## Problem to solve:
Retype, word for word, the line holding "Ta Có Max Thuộc" and each line after it down to the end of the data; pictures are not copied.

--- --- ---

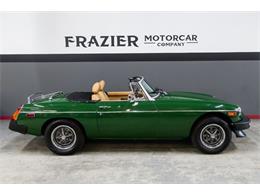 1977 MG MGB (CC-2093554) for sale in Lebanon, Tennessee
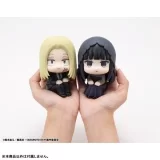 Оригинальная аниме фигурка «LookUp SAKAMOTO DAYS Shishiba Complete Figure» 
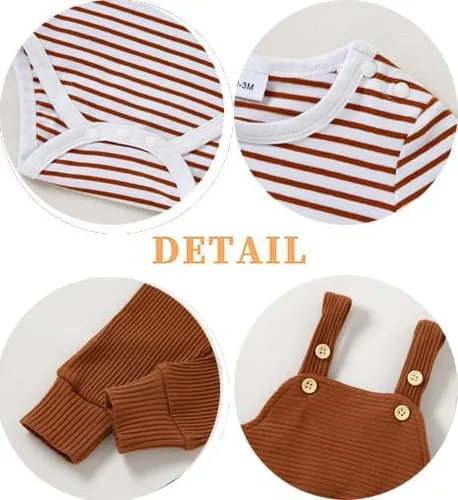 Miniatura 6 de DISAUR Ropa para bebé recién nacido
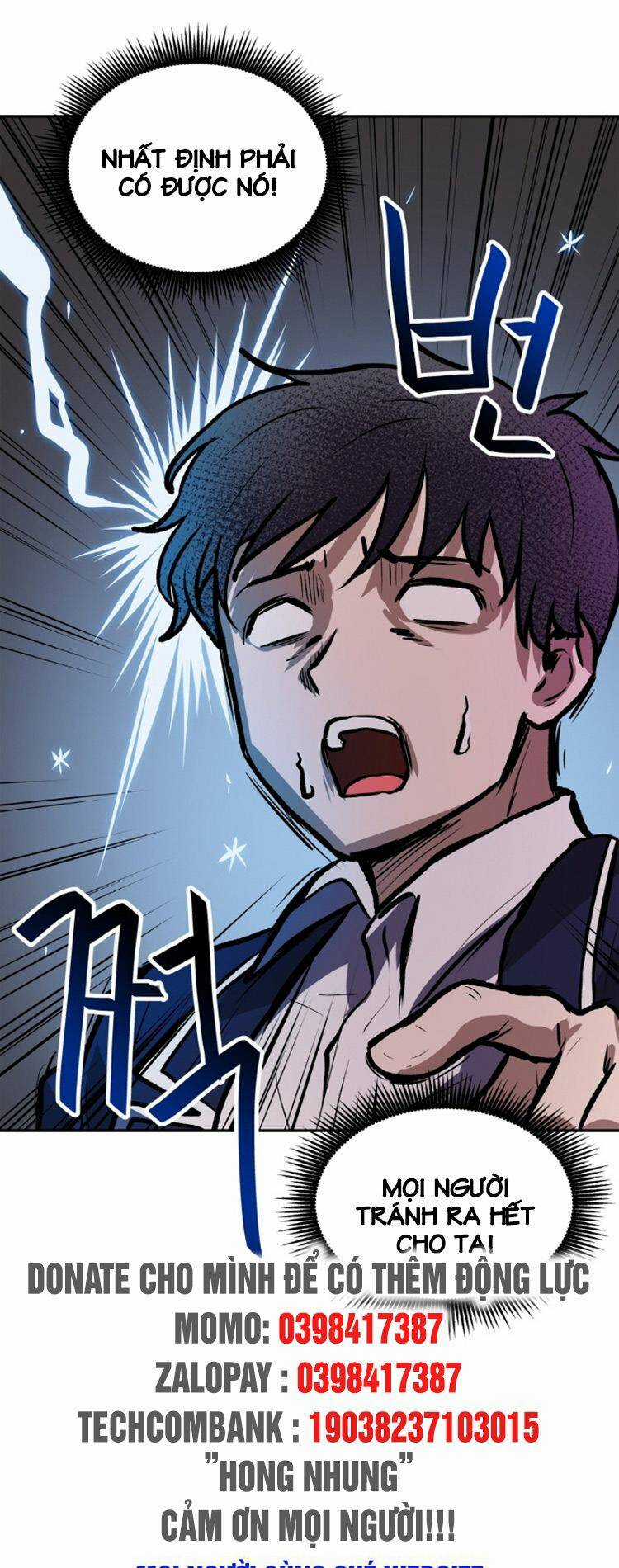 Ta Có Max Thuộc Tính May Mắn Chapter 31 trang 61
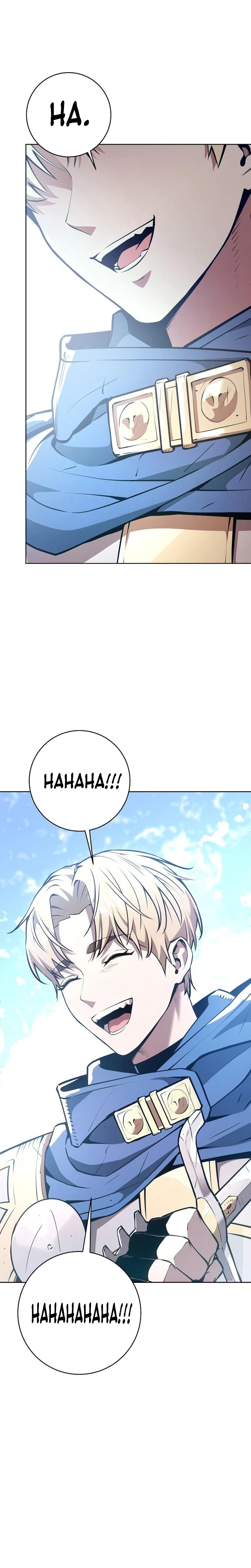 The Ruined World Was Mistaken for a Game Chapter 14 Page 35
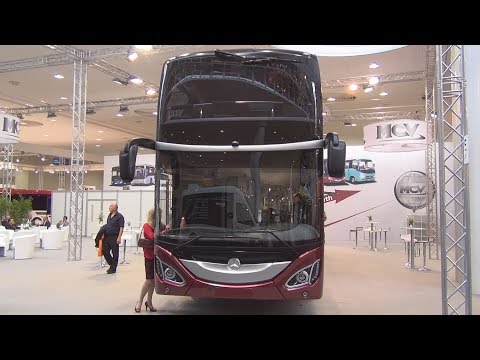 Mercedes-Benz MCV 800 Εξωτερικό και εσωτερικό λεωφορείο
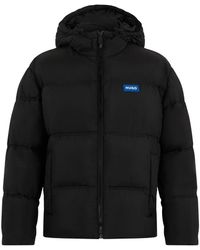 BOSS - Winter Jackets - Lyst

--- --- ---

## Solution below:
 Ta Có Max Thuộc Tính May Mắn Chapter 31 trang 61
 The Ruined World Was Mistaken for a Game Chapter 14 Page 35
 Mercedes-Benz MCV 800 Εξωτερικό και εσωτερικό λεωφορείο
 BOSS - Winter Jackets - Lyst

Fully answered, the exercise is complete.